What makes an ad perform? Its memes. Ads convey meaning through the unique combination of memes they employ to trigger the desired behavior. An individual meme might be a tune, catchphrase, or style of image. Any concept that means something to someone, and can be copied (or has been copied) is a meme. For a meme to be successful it must first be noticed, accepted, and remembered. For the advertisers goal’s to be fulfilled, it must convey some payload of information that has the desired impact.
One meme can’t everything on its own, just like a single gene can’t build an organism. So they tend to band together in what are called ‘memeplexes’ - groups of memes working together symbiotically to survive. We can take them apart to study them, but they lose their effectiveness when any one component is missing. To paraphrase E.B. White: “Explaining a [memeplex] is like dissecting a frog. You understand it better but the frog dies in the process”. The following structure tends to be most effective.
Hook – The most important component that determines success. This is what grabs their attention. It could be a bold design, a controversial statement, or a celebrity appearance. Memes that don’t get attention, don’t propagate or spread, which is like a virus with a low infection rate – it’ll soon die out.

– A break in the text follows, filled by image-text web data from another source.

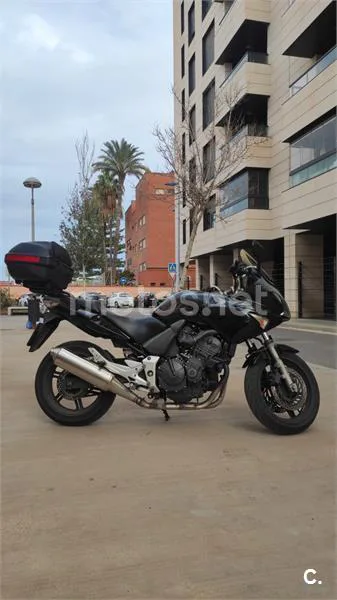 Honda CBF 600S – Vista 2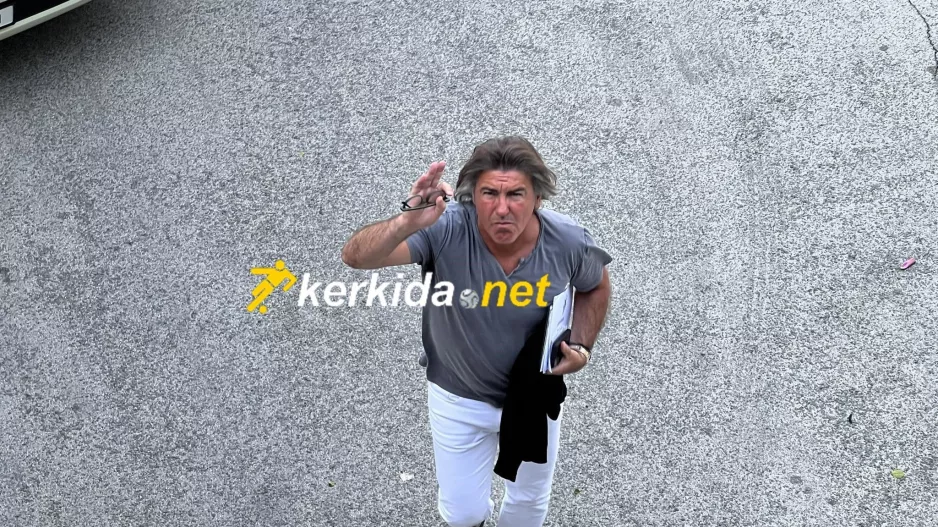Ο... χαιρετισμός του Σα Πίντο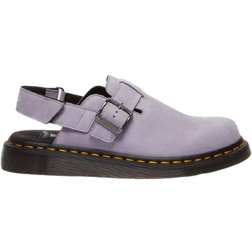 Dr. Martens Jorge II Soft Leather Slingback Mule - Purple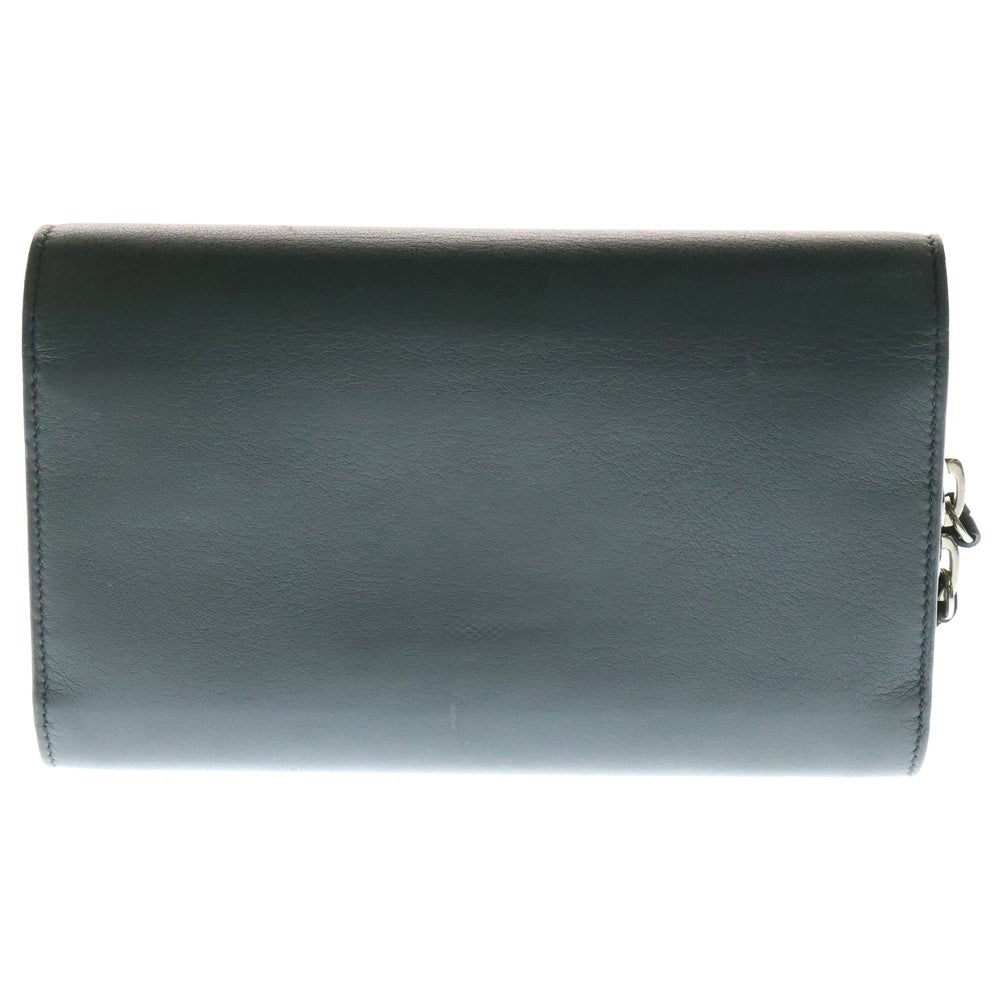 BALENCIAGA(バレンシアガ) ペーパーマニー ラウンドジップ レザー ウォレット 財布 グレー 371661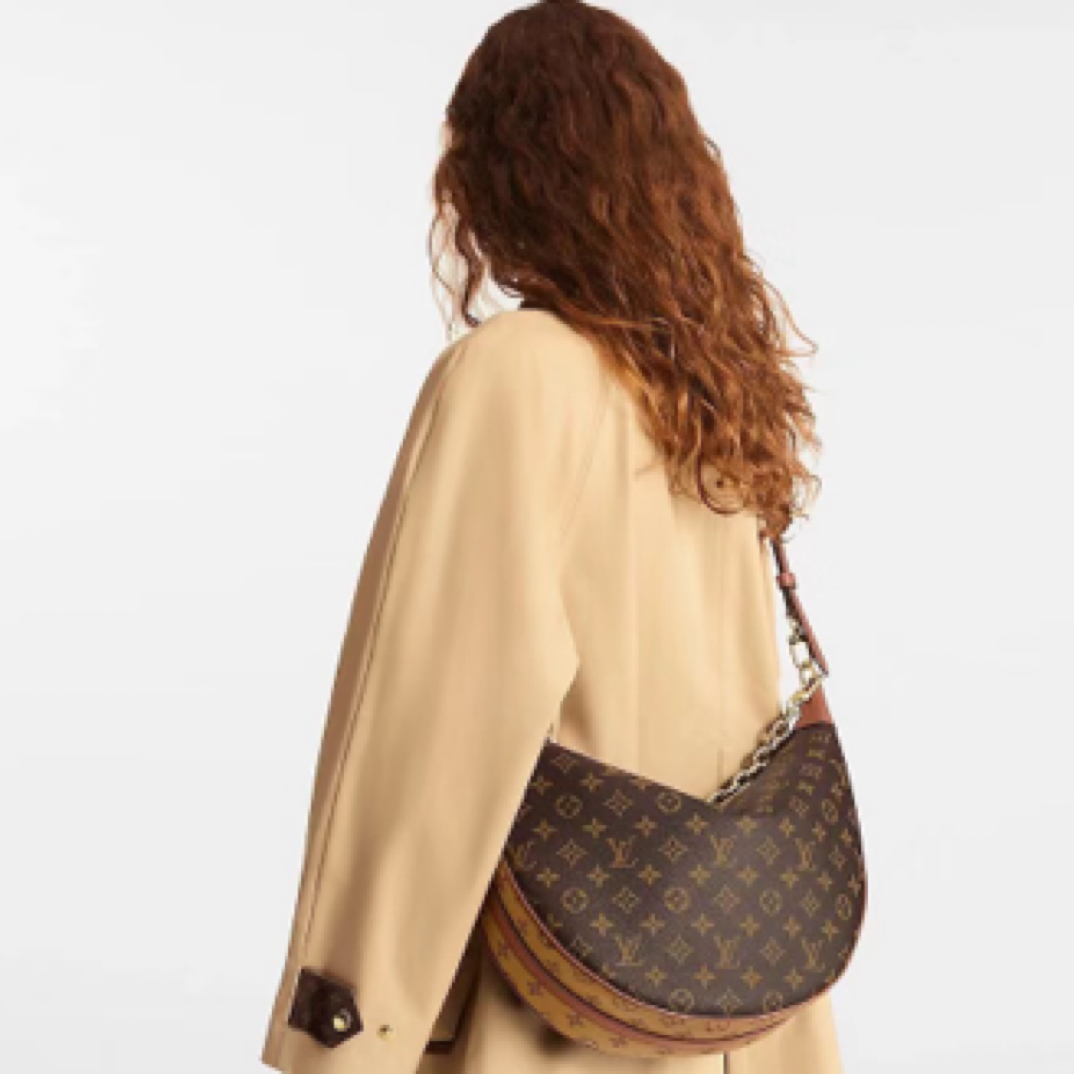 99新 LouisVuitton/路易威登 lv大月亮 loop xj-562定金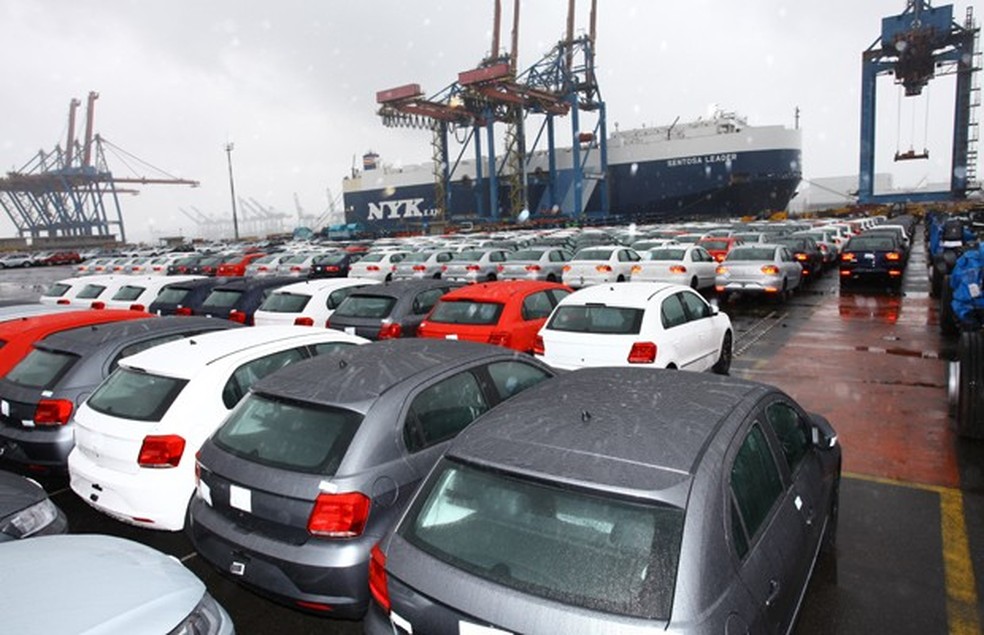 Modelos da VW a caminho dos países latino-americanos (Foto: Divulgação) — Foto: Auto Esporte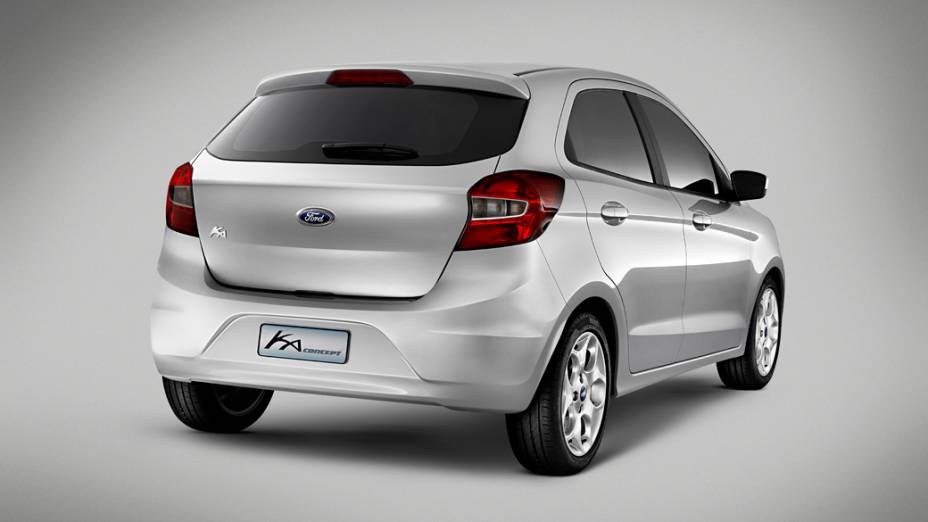 Ford revelou o novo Ka Concept hatch em novembro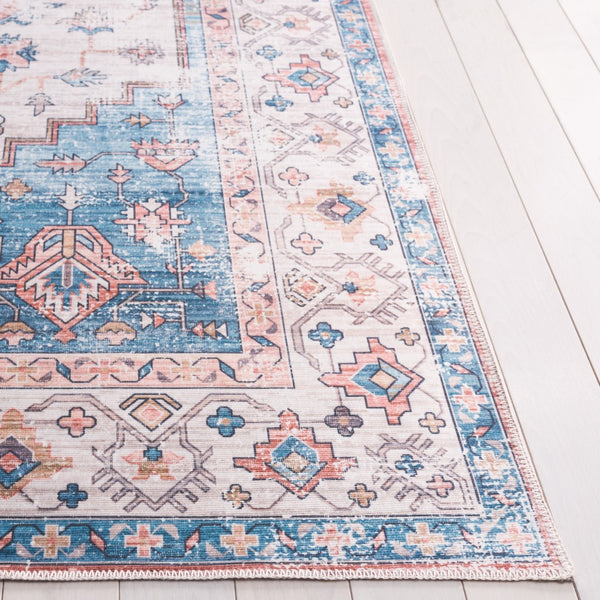 Safavieh Arizona 181b Beige / Light Blue Beige ,Light Blue Polyester Arz181c-5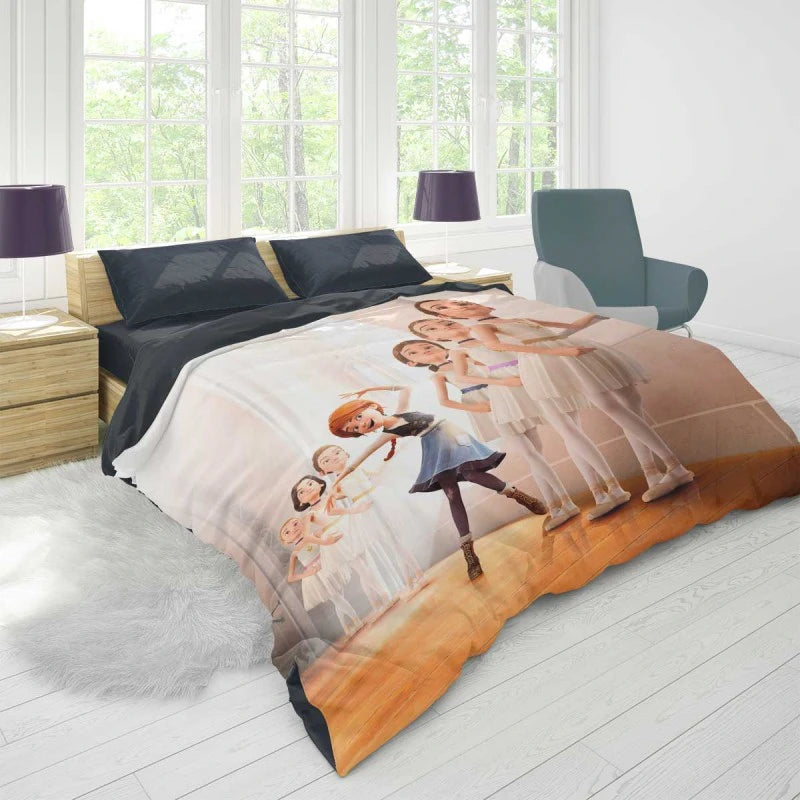 Ballerina Movie Felicie Milliner Duvet Cover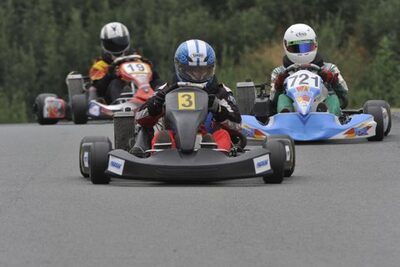 14/06/2009 : 4ème manche du Championnat Régional Aquitain à Layrac (photos Patrick Lascombes) 2009 — karting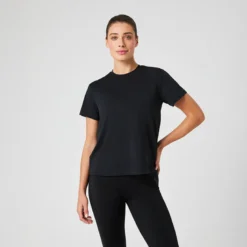 Borg Sports T-shirt, Black Beauty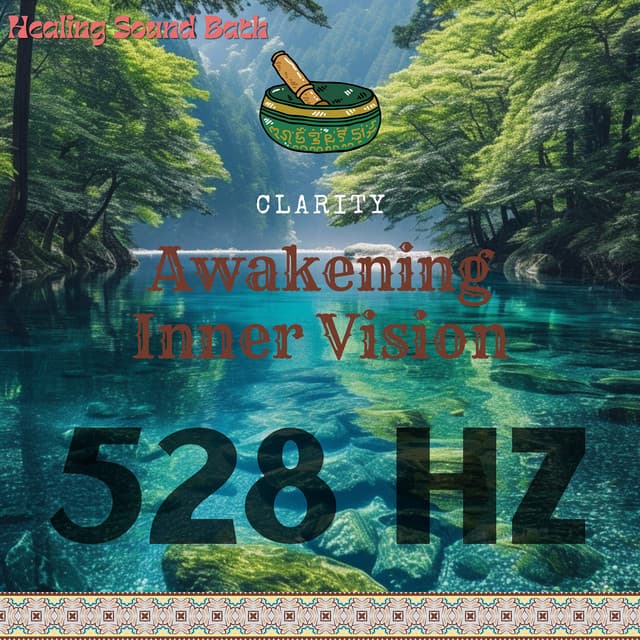 Clarity 528Hz: Awakening Inner Vision - Healing Sound Bath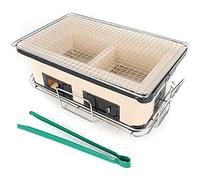 Poêle à charbon japonais en céramique pour intérieur/extérieur - Source de chaleur efficace - Design élégant - Parfait pour griller et cuisiner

Context – If you get their attention, you won’t keep it for long. They’ll scan for signs this ad is relevant to them, and move on in milliseconds if they don’t find one. Make it clear who the ad is for, by setting a familiar scene, using words they’d use, and providing social proof for credibility.
Asset – Now you’ve convinced them to stick around, they need to be rewarded. Is there interesting news, a contrarian argument or important statistic you can reveal? People actively try to remember useful things. Memes that get remembered, persist for long enough to replicate.
Prompt – That’s a lot of information to encode, and it’s just packaging: a trojan horse for your offer. Space is limited – what one thing they should do? Make it clear, relevant, and frictionless. As Miller says, ”a caveman should be able to glance at it and immediately grunt back what you offer”.
In memetics terms, the metrics that matter for evaluating whether a meme makes a good ‘vehicle’ for your message are related to propagation and persistence. How many recipients will the meme (or memes) resonate with? What segment of the audience will it resonate most with? Might it conflict with existing memes in that group and risk rejection? Is that group dispersed or closely related and likely to spread memes contagiously? Finally is the meme memorable? Is the recipient likely to recall it at the right time? If they pass it onto another, will they do so with full fidelity, or will it be imperfectly represented and lose some of its power? The bigger the message you need to convey, the more virality and memorability you need to make it effective. Bitter medicine needs to be taken with more sugar.